Close sincerely apologizes for the interruption of our service. We take the stability of our platform very seriously. Below is an explanation of what happened and how we will prevent another such interruption from occurring.
Impact
Close CRM was not loading for a subset of our customers for 187 minutes from 12:56 to 16:03 UTC. Users that had a bad version of our application cached were unable to load Close.
As a workaround, they could use a different browser or clear their native app (or browser) cache in order to immediately fix the issue during this period.
Root Cause and Resolution
One day before the downtime, we published a large change to the way we load our app in order to improve the app'sperformance for our customers. For approximately 17 hours, nothing else was published and the change was live.
When a new small change was published in the next day, some customers were unable to open the app, being headed directly to an error screen.
The issue happened due to wrong configuration of the software that we use to generate files that run the UI of our app. Files with different content should always have a different name, but due to this misconfiguration, some new files that were published had the exact same name, so customers that had the previous version in cache weren’t able to load the app.
In order to resolve the issue, we reverted both changes to a previous working version, and we also took the following steps to ensure this type of issue won’t occur anymore:
Timeline
- 2022-11-07 15:53 UTC - Published a large release for improving the UI performance of the app.
- 2022-11-08 12:55 UTC - Published a very small unrelated bug fix.
- 2022-11-08 12:56 UTC - Received the first support ticket of a customer not being able to log in.
- 2022-11-08 12:56 UTC - Started investigating the issue and checking if any coworker was facing the same issue in order to facilitate the debugging.

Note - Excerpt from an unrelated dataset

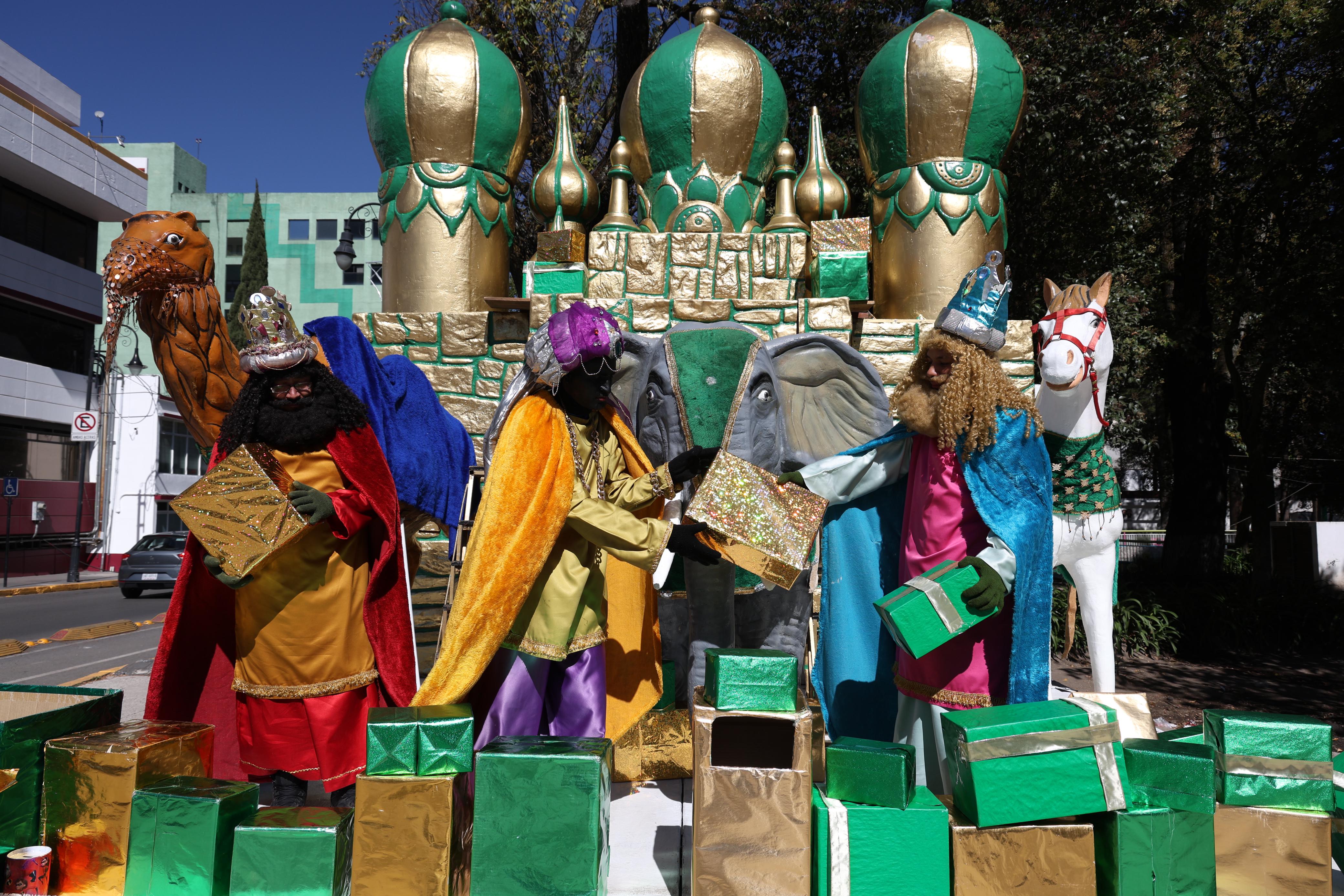 Los Reyes Magos llegaron cabalgando en su camello, elefante y caballo. Foto Arturo Hernández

- 2022-11-08 13:12 UTC - After debugging the error, we figured out that clearing the browser/native app cache fixed the issue. We started asking customers to clear their browser / native app cache in order to regain access to Close in the meantime as a work-around.
- 2022-11-08 13:16 UTC - Since we figured out that the main issue was related to cache, we decided to invalidate the cache on our CDN.
- 2022-11-08 13:31 UTC - Cache invalidation completed, but the problem persisted.
- 2022-11-08 14:08 UTC - After trying many different configuration changes in our CDN and no success, we decided to get back to debugging the error directly in the browser.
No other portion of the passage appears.